Dear CCI Friends,
Innumerable Americans are speaking out today on the near insurmountable issues we as a nation face from 2020 forward. It’s near impossible to keep up with all of them.
One voice of considerable importance has come to my attention recently: that is former West Point graduate, 20-year U.S. military, Colonel during the Vietnam War and prolific author, Andrew Bacevich. He is now the first President of the new think-tank, The Quincy Institute for Responsible Statecraft. Remember Bacevich’s name. I believe he will be a major voice in the near future. His latest book, The Age of Illusions, has just come out.
Please watch his 12 minute video, Andrew Bacevich On America’s Long-Standing Wars, before reading the following article. After both, let us know what you think.
Sharon Tennison
Center for Citizen Initiatives
Will American exceptionalism survive the pandemic?

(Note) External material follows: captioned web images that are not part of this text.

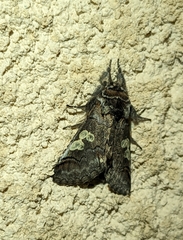 Diloba caeruleocephala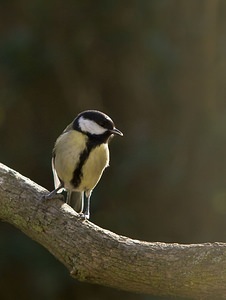 Parus major (Paridae)  - Mésange charbonnière - Great Tit Nord [France] 03/02/2008 - 40m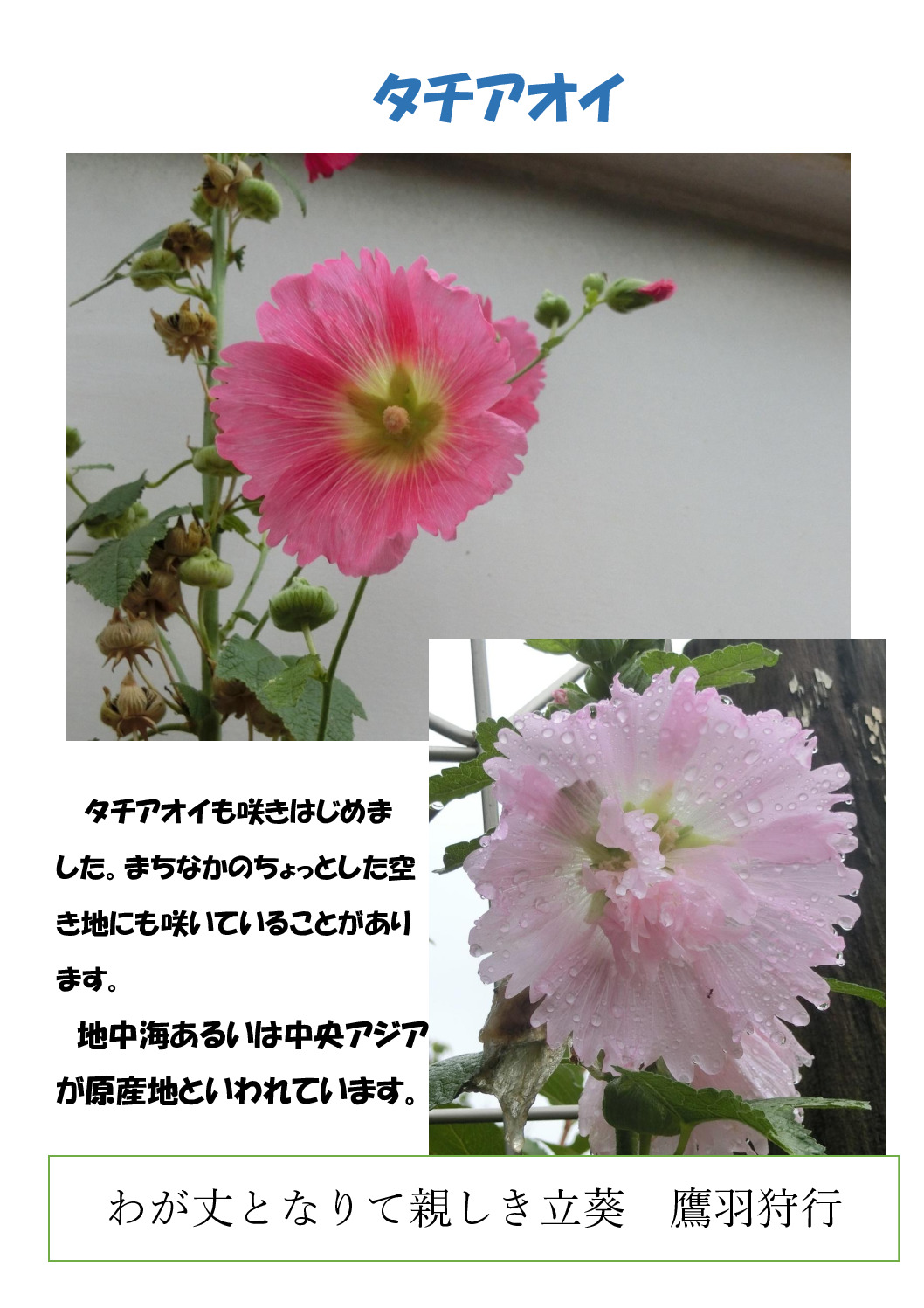 タチアオイのサムネイル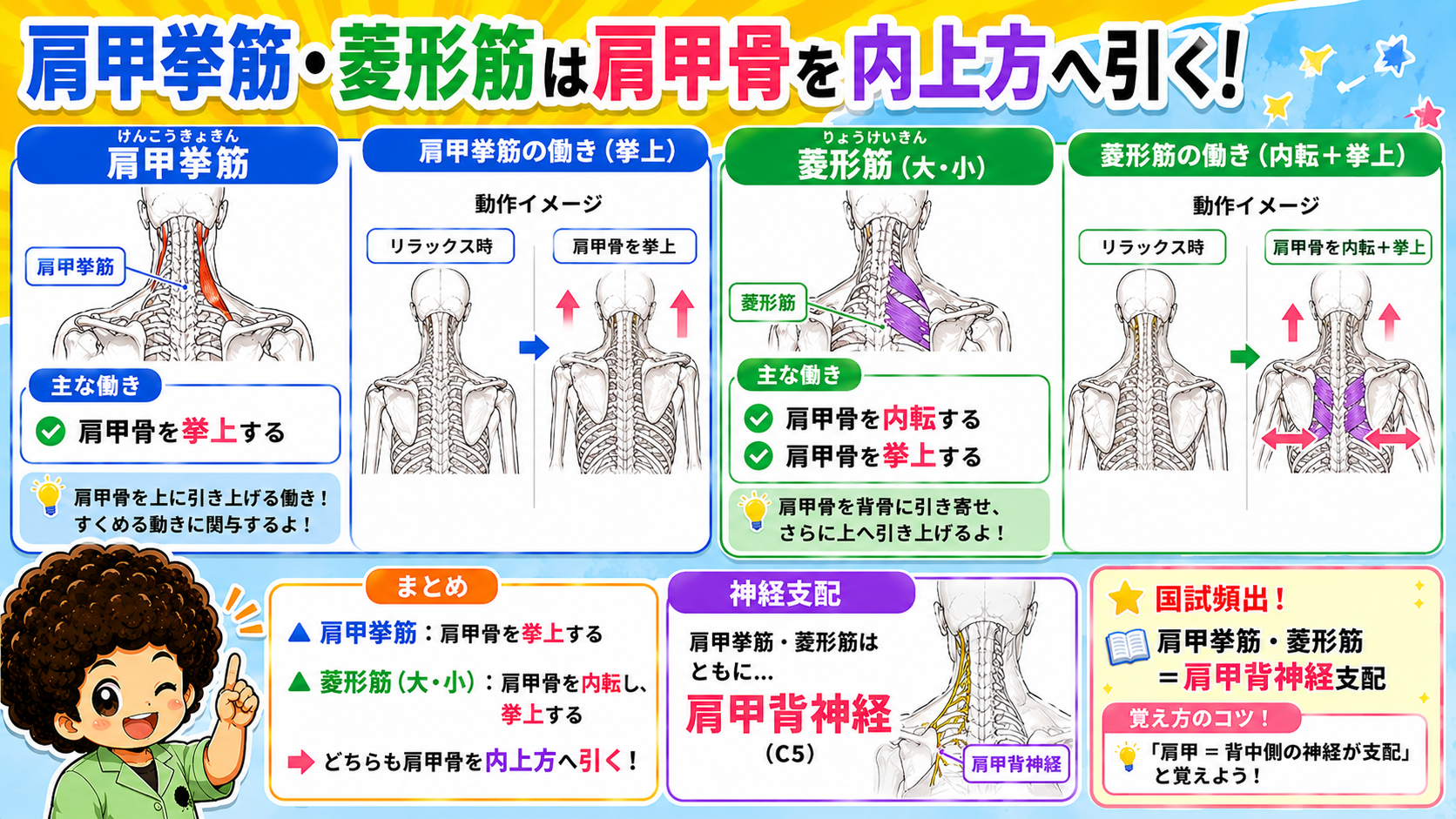 肩甲挙筋・菱形筋の作用と神経支配（肩甲背神経）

By and large, the world’s most powerful and most expensive military establishment is not proving terribly relevant
The Spectator
By Andrew Bacevich
What does a writer do when essentially the entire nation is on lockdown? This one — and probably many others besides — sets out to write a book. Will the coronavirus pandemic substantially change America’s role in the world? I can’t say for sure — but it should. Since the end of the Cold War, authorities in Washington have tended to define that role in terms of acquiring and using military power, behavior justified by the conviction that we Americans are indeed God’s New Chosen People, summoned to do the Lord’s work. Dispatching US troops to liberate the oppressed and spread democracy in such far-off places as Afghanistan and Iraq was an expression of American exceptionalism — the United States doing what history expects it to do.
Will American exceptionalism survive the coronavirus pandemic of 2020? A decade or so ago, I felt certain that the disastrous Iraq war, compounded by the inept government response to Hurricane Katrina and further reinforced by the debacle of the Great Recession, would suffice to demolish any further illusions about American chosenness. Then along came Barack Obama, who, through a combination of finesse and luck, restored a semblance of normalcy. Sure, the several post-9/11 wars continued, but fewer GIs were getting killed and, as unemployment rates dropped, the malls once again filled with shoppers. Dented but afloat, American exceptionalism survived, with Donald Trump arriving on the scene to put his own ‘America First’ gloss on the nation’s privileged place in history. As Trump put it in his triumphal February 2020 State of the Union Address, the United States is not only ‘the most exceptional republic ever to exist in all of human history’ but ‘we are making it greater than ever before’.